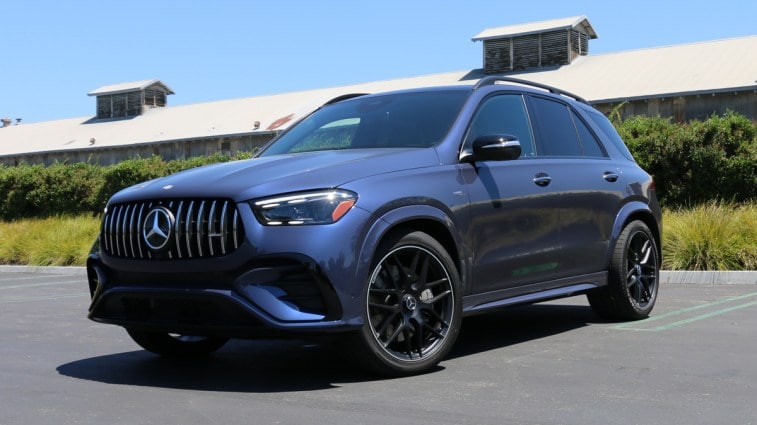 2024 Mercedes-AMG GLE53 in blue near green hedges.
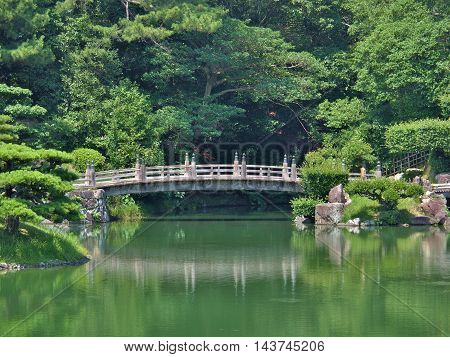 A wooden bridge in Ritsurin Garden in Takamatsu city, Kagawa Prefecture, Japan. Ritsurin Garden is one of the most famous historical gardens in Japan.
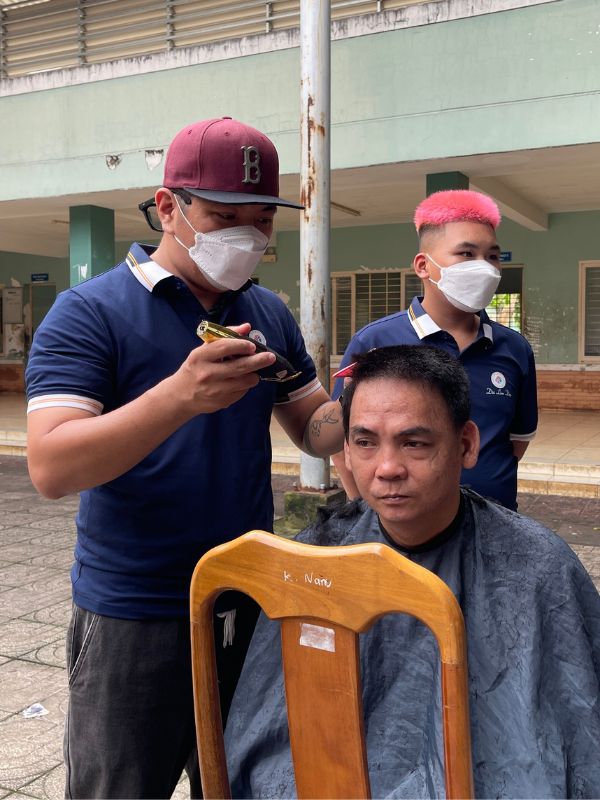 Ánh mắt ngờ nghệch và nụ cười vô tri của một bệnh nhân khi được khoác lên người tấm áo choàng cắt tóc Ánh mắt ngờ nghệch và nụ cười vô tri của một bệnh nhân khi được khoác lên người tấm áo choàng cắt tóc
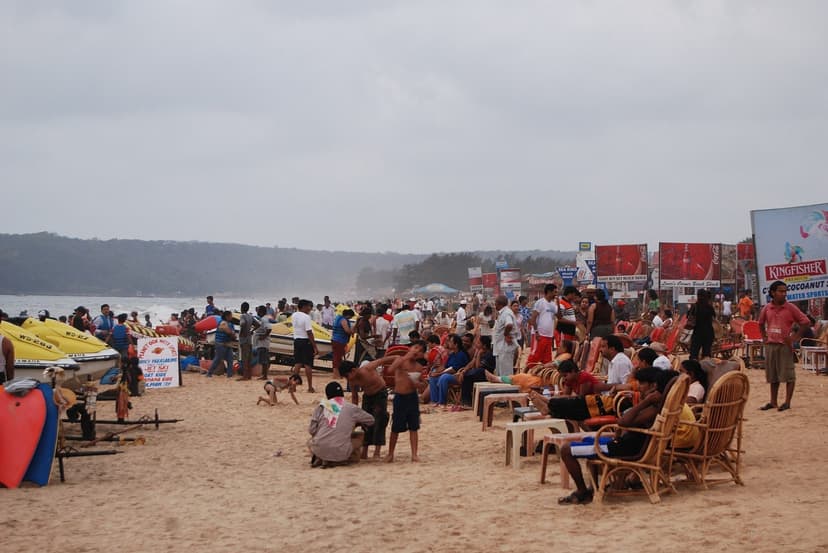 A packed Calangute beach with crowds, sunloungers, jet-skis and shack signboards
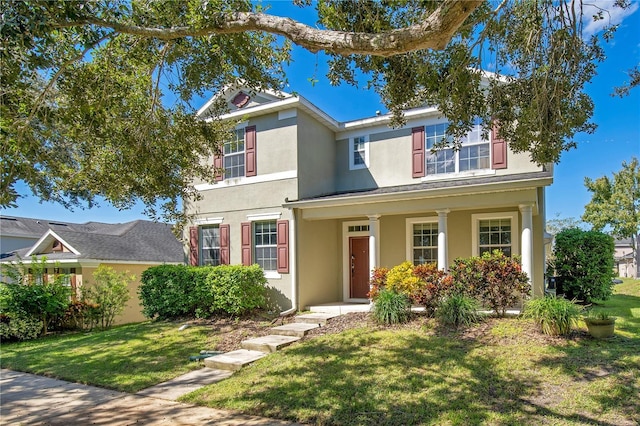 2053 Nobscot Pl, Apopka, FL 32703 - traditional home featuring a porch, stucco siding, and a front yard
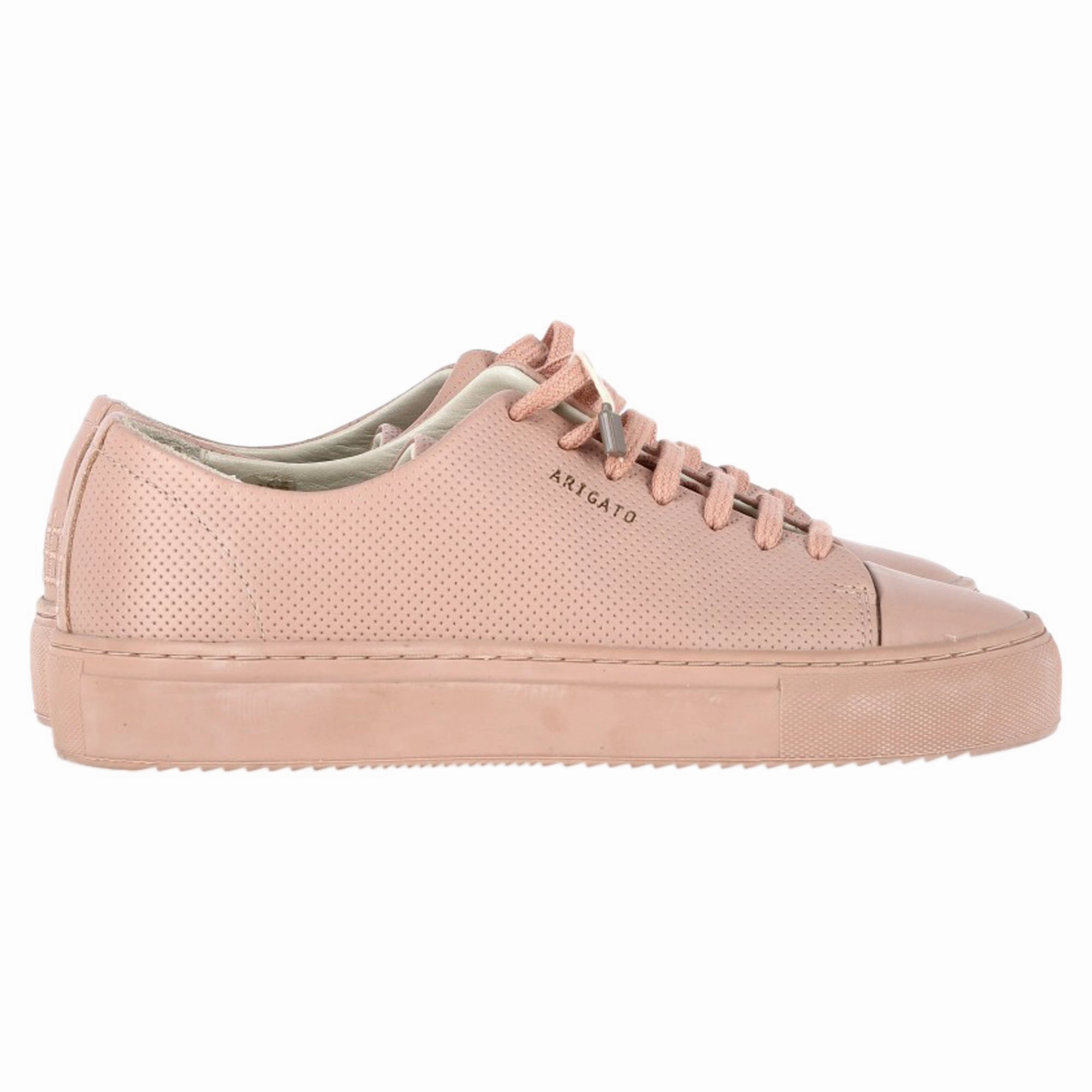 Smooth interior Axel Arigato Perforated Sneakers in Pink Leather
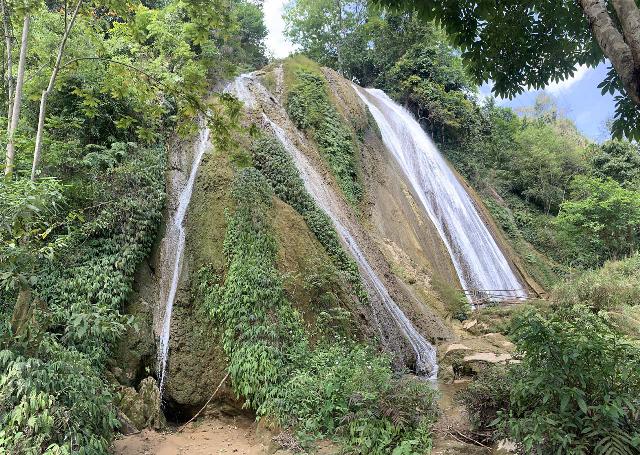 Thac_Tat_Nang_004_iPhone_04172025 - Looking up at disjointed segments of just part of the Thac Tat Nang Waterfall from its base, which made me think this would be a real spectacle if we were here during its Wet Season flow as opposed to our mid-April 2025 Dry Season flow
========================================================================
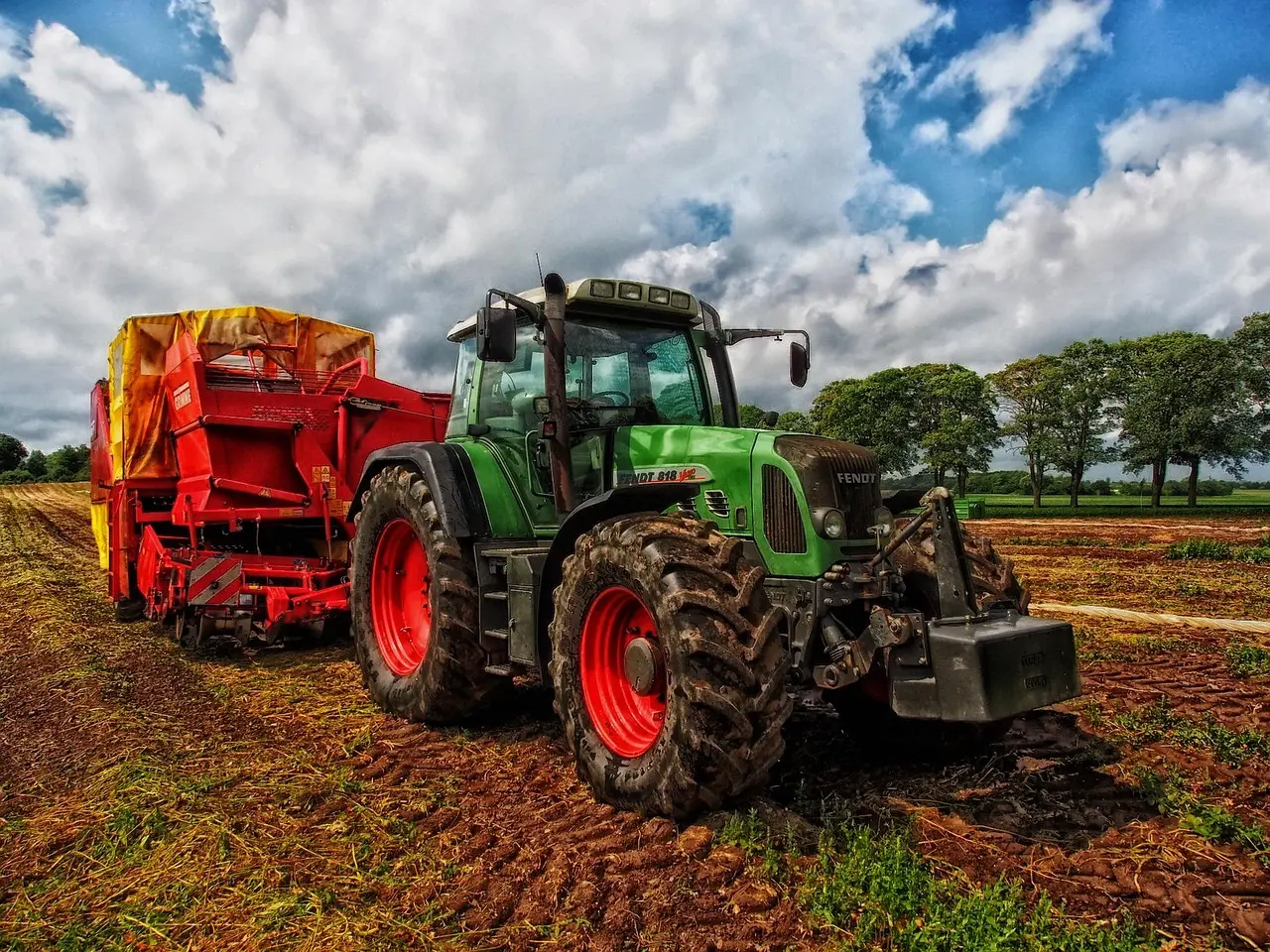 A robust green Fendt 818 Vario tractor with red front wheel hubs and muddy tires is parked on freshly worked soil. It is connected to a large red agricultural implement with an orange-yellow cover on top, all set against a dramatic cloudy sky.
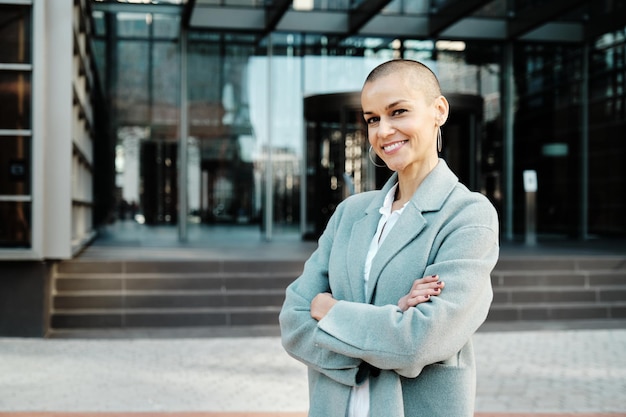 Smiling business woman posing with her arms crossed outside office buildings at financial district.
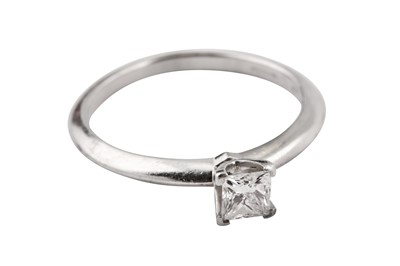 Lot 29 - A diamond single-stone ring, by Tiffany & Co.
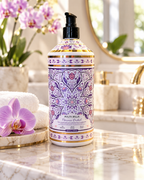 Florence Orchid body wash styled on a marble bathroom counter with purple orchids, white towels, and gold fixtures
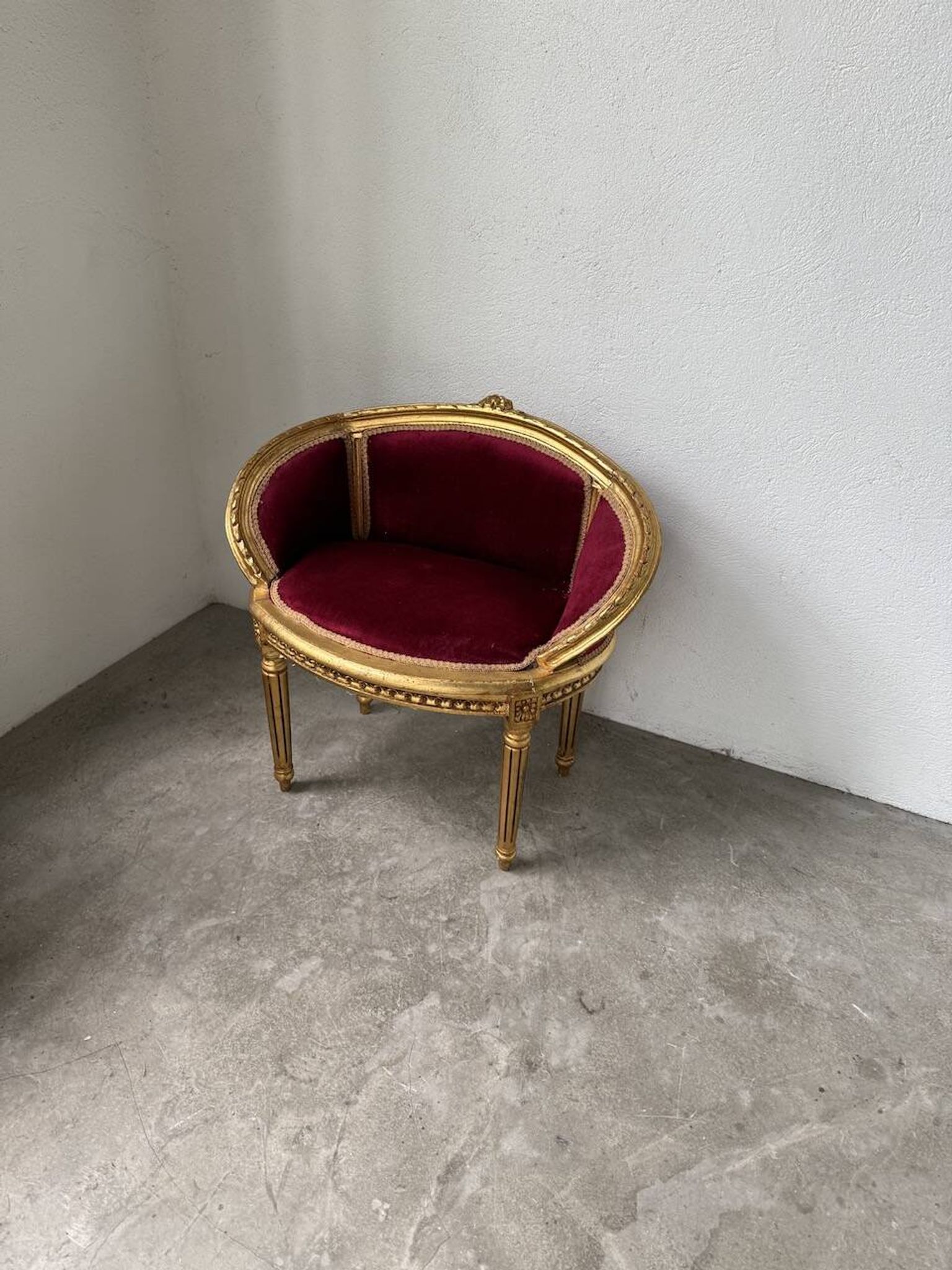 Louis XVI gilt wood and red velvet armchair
========================================================================
# Directions
Only the lines above from the one with "A robust green" to the one with "Louis XVI gilt wood and red velvet armchair" should be printed, both included and exactly as written; no picture belongs in the copy.

# Response to the exercise
 A robust green Fendt 818 Vario tractor with red front wheel hubs and muddy tires is parked on freshly worked soil. It is connected to a large red agricultural implement with an orange-yellow cover on top, all set against a dramatic cloudy sky.
 Smiling business woman posing with her arms crossed outside office buildings at financial district.
 Lot 29 - A diamond single-stone ring, by Tiffany & Co.
 Florence Orchid body wash styled on a marble bathroom counter with purple orchids, white towels, and gold fixtures
 Louis XVI gilt wood and red velvet armchair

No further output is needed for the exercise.